| Listed entries |
************

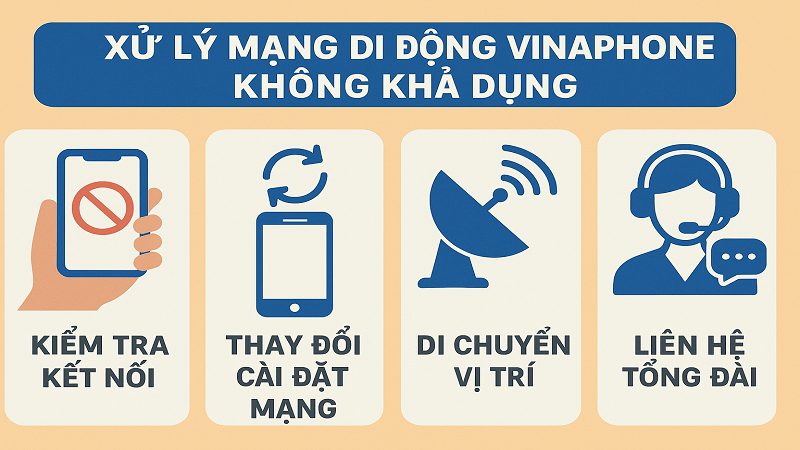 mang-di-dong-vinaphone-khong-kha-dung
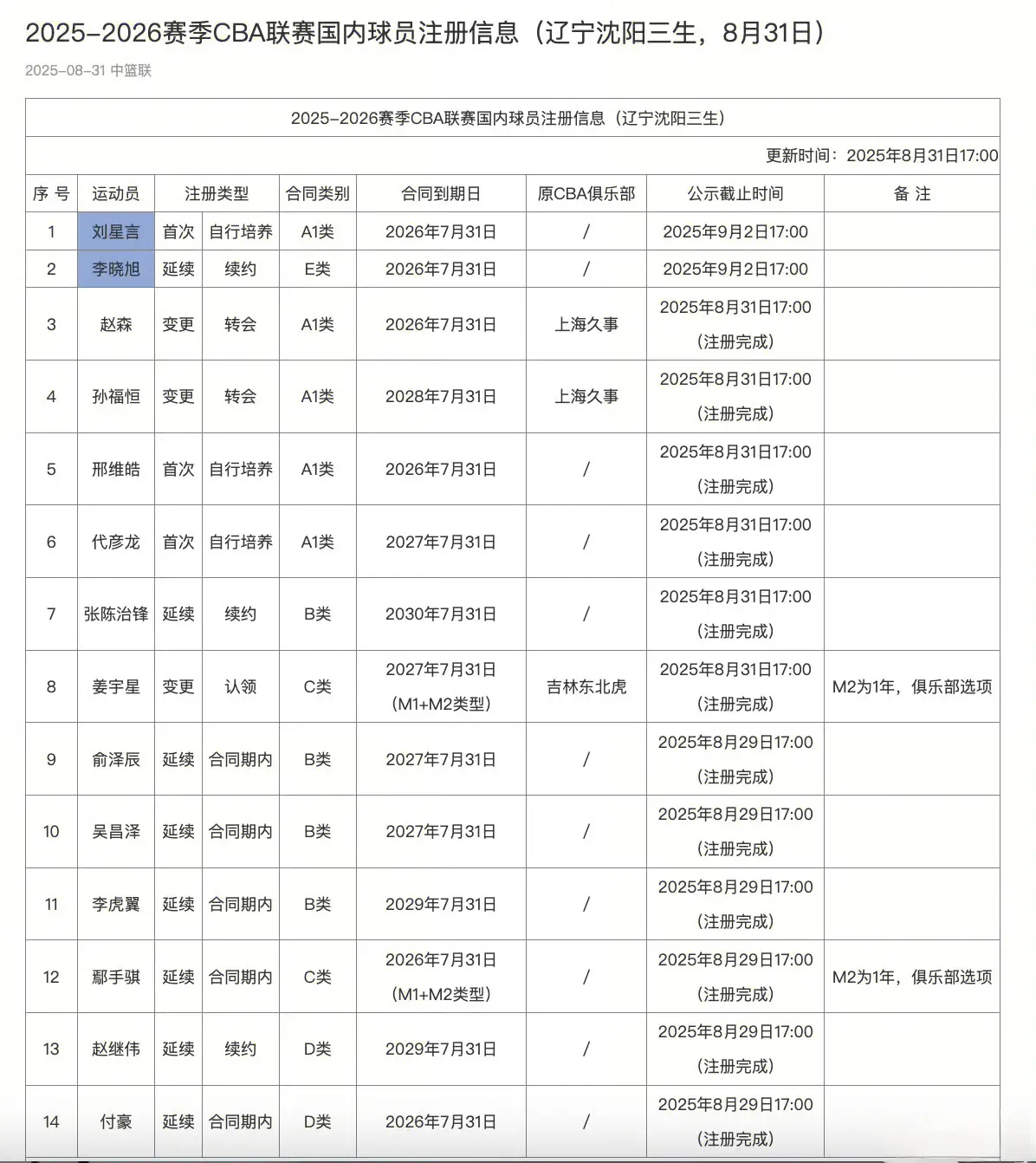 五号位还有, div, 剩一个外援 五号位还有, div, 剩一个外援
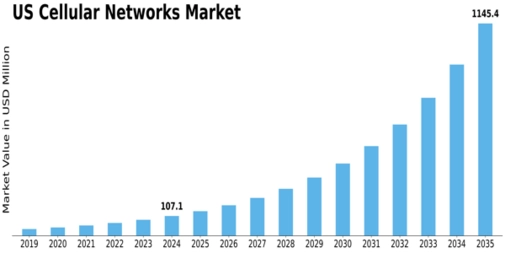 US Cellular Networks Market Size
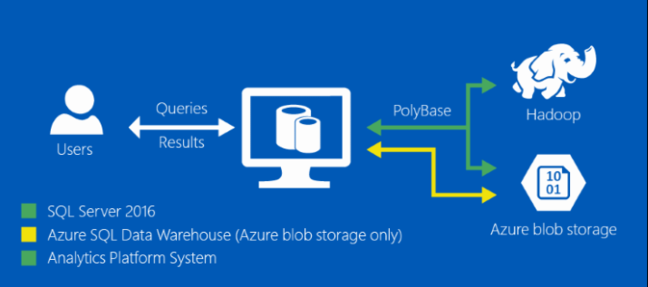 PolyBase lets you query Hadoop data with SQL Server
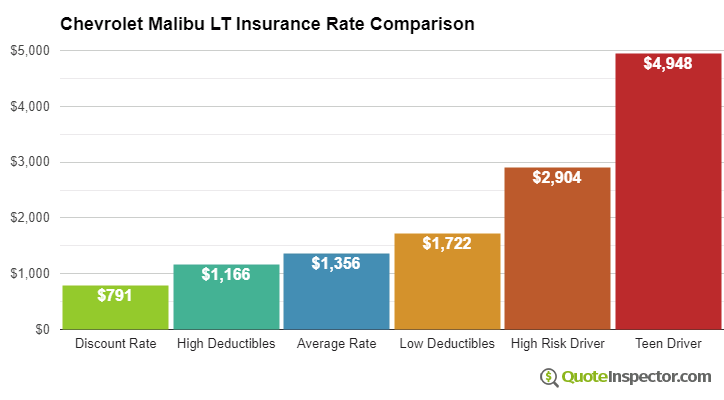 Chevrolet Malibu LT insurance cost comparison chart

************

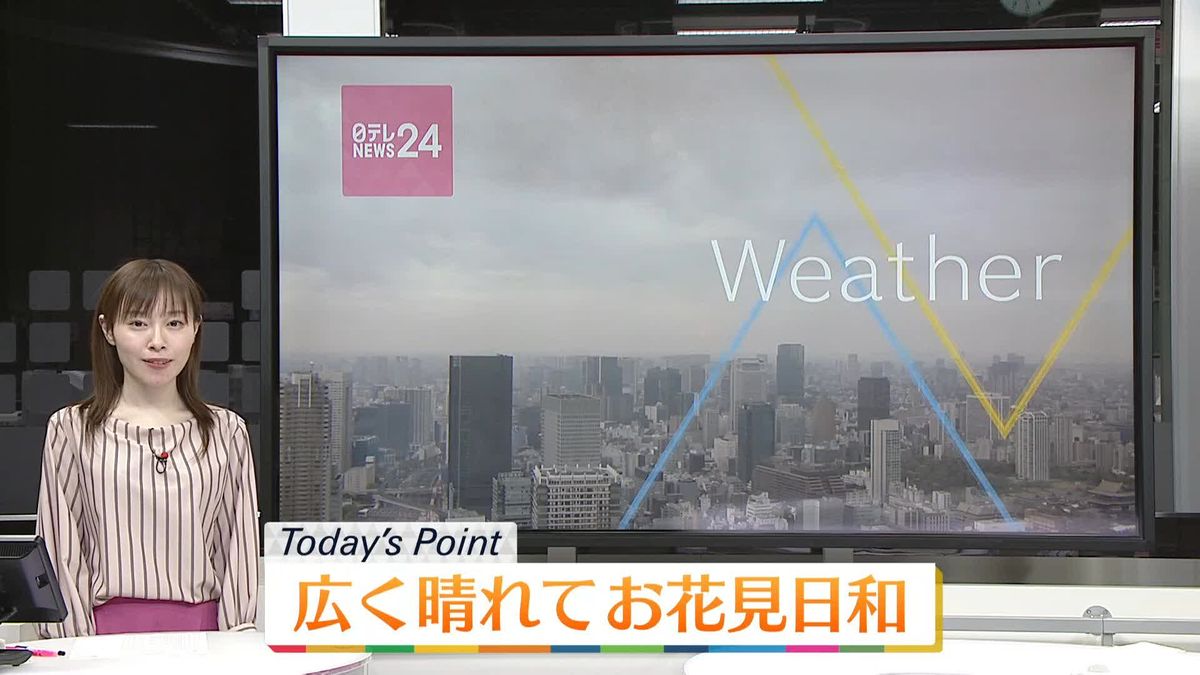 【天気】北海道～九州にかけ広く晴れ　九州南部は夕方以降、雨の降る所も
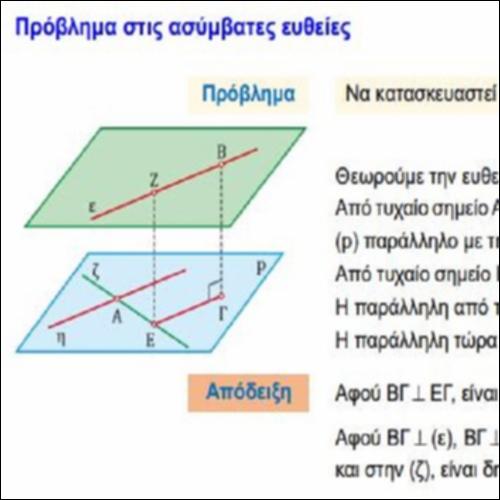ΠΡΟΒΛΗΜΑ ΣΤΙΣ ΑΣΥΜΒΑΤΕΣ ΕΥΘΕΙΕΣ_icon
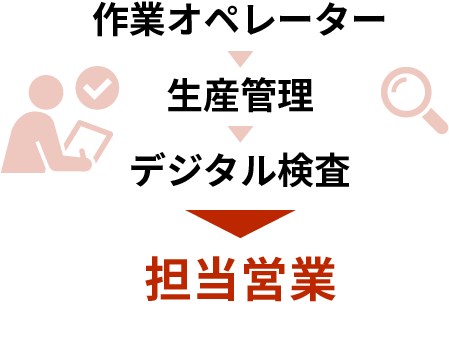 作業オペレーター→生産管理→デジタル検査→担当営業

************

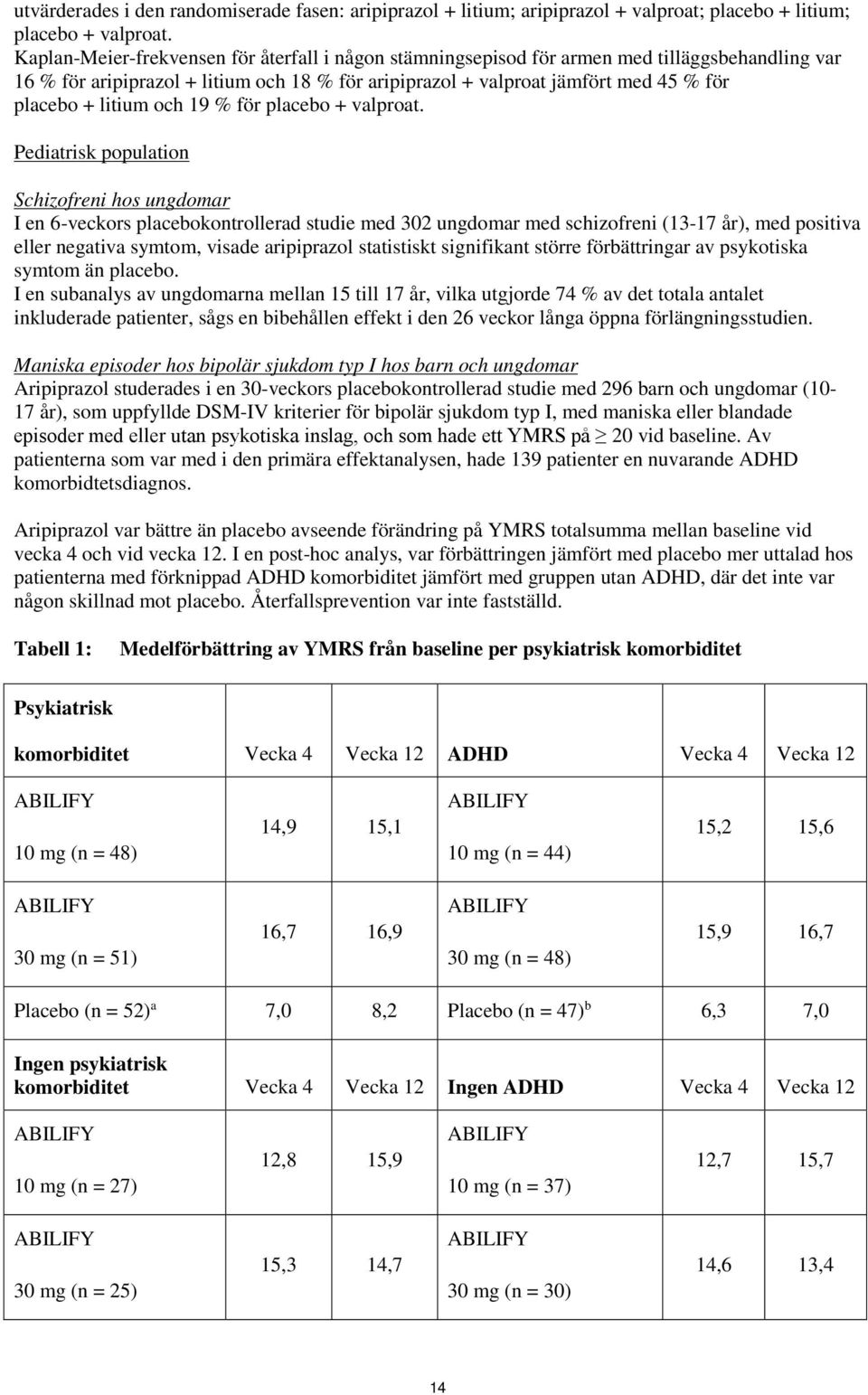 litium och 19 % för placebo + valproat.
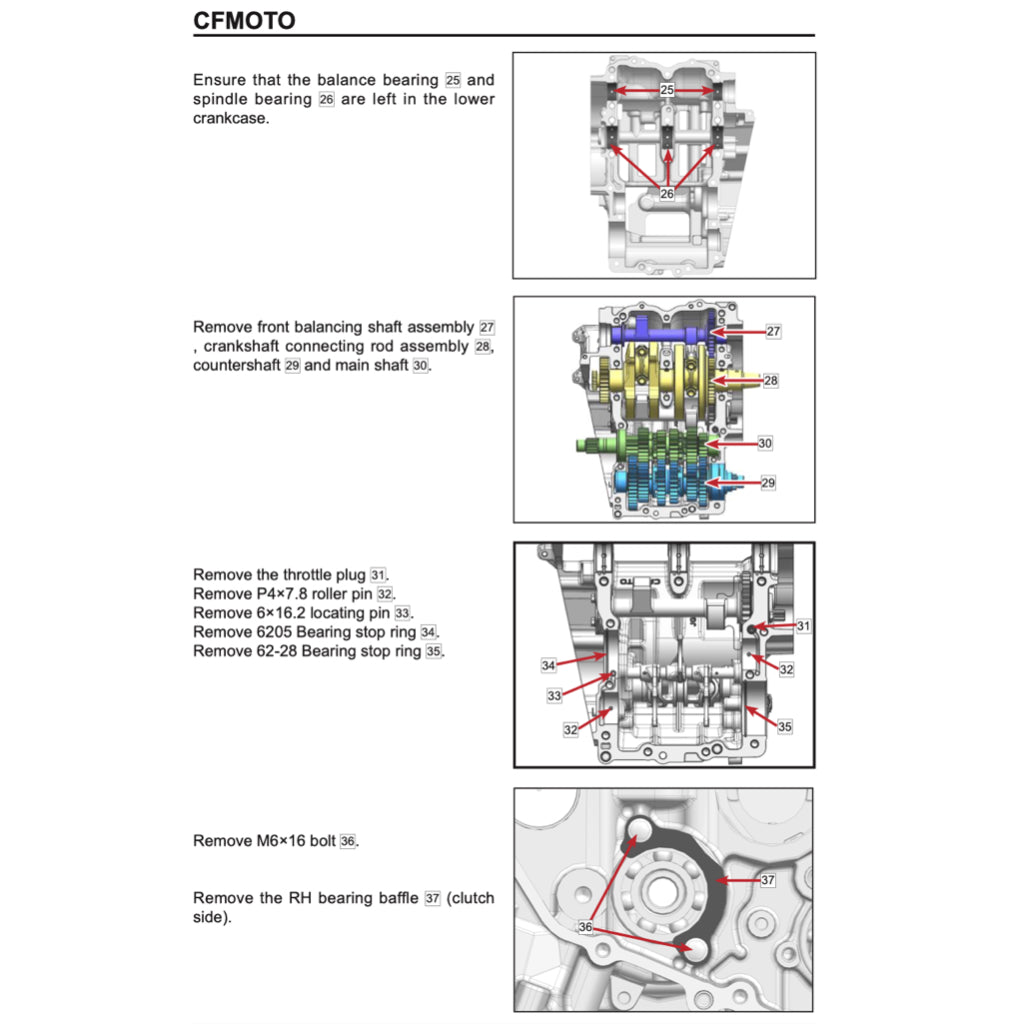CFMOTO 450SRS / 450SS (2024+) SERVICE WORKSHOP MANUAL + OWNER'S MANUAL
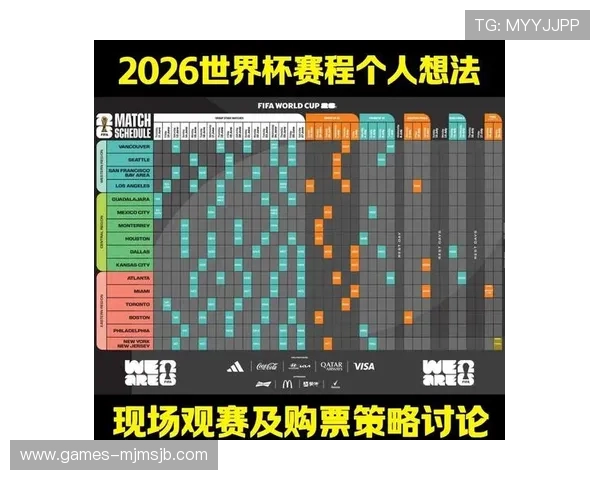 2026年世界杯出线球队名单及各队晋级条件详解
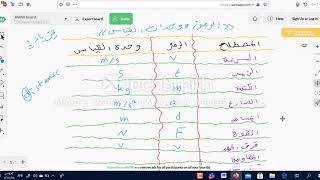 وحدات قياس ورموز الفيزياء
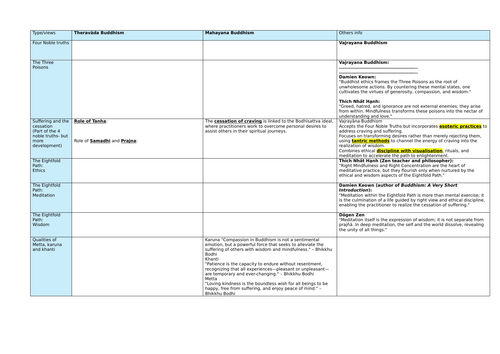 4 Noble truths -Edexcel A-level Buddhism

************

| Task |
Everything above from the line that has "mang-di-dong-vinaphone-khong-kha-dung" down to the line that has "Chevrolet Malibu LT" should be output exactly, with both of those lines included. Leave the pictures behind.

| Result |
 mang-di-dong-vinaphone-khong-kha-dung
 五号位还有, div, 剩一个外援 五号位还有, div, 剩一个外援
 US Cellular Networks Market Size
 PolyBase lets you query Hadoop data with SQL Server
 Chevrolet Malibu LT insurance cost comparison chart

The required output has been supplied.